## [MATERIAL PROVIDED]
+++
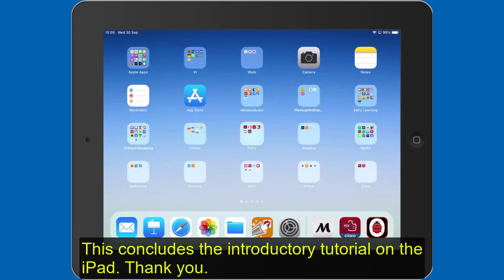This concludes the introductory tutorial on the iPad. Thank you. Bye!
+++
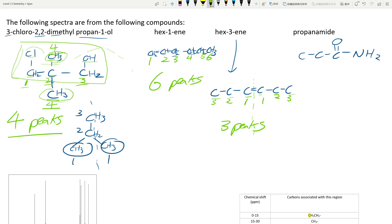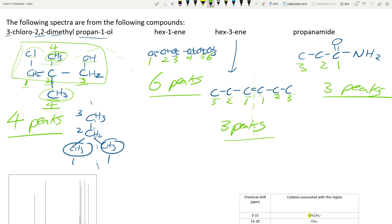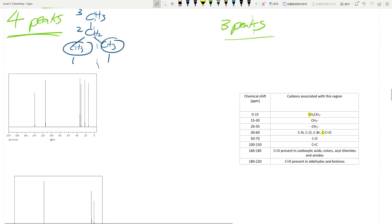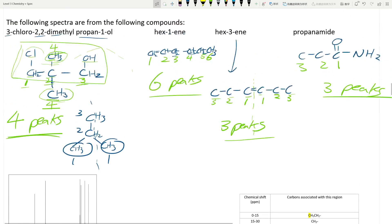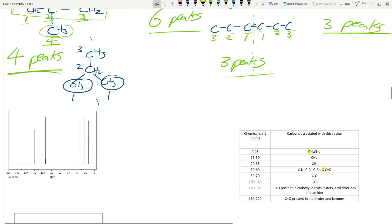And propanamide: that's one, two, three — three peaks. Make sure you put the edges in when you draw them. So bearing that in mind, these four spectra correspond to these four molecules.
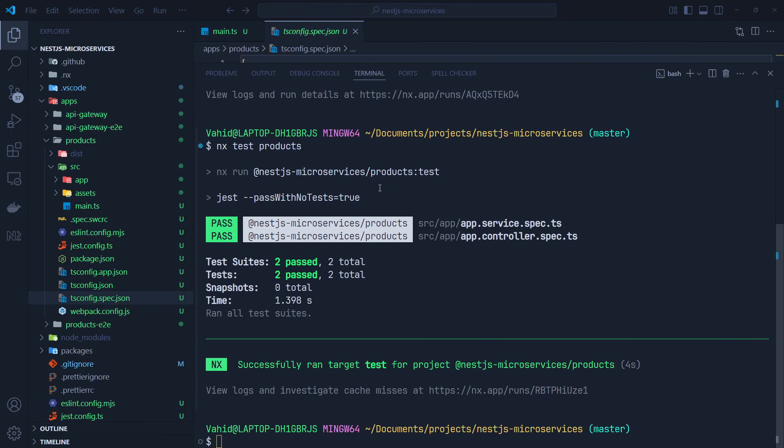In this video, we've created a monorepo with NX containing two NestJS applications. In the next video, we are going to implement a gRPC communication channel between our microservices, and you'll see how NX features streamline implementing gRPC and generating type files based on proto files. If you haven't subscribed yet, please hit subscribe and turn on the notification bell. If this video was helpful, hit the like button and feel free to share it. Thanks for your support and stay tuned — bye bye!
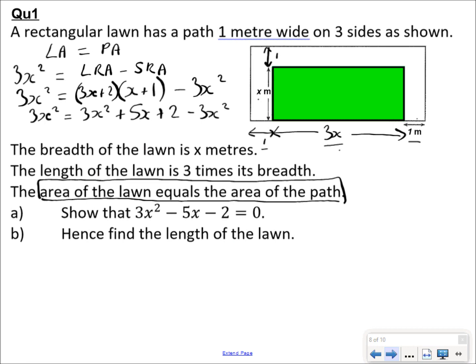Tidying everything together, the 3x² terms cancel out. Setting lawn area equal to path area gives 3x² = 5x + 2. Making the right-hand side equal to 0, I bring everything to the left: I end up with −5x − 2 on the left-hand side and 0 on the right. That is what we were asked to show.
+++
Print nothing but the lines above starting with the line that contains "And propanamide: that's" and going on through the line that contains "In this video, we've". Leave out the pictures.

And propanamide: that's one, two, three — three peaks. Make sure you put the edges in when you draw them. So bearing that in mind, these four spectra correspond to these four molecules.
In this video, we've created a monorepo with NX containing two NestJS applications. In the next video, we are going to implement a gRPC communication channel between our microservices, and you'll see how NX features streamline implementing gRPC and generating type files based on proto files. If you haven't subscribed yet, please hit subscribe and turn on the notification bell. If this video was helpful, hit the like button and feel free to share it. Thanks for your support and stay tuned — bye bye!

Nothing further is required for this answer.